*EXERCISE OBJECTIVE*: Only one stretch of the data below is needed. Output the lines from the one with "A small selection" up to and including the one with "a Mongolian yurt", exactly as they stand.

*DATA*:

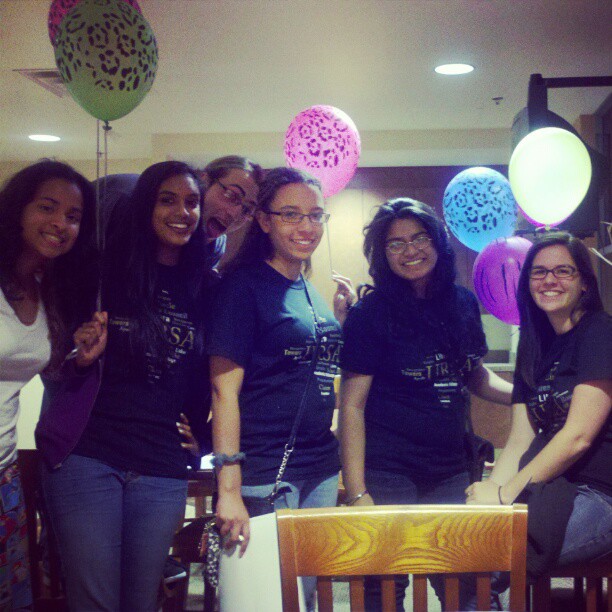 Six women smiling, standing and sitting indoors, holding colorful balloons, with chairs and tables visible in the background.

==

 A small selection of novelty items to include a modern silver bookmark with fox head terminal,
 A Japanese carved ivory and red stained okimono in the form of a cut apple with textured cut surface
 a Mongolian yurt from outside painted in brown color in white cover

*EXERCISE OUTPUT*:
 A small selection of novelty items to include a modern silver bookmark with fox head terminal,
 A Japanese carved ivory and red stained okimono in the form of a cut apple with textured cut surface
 a Mongolian yurt from outside painted in brown color in white cover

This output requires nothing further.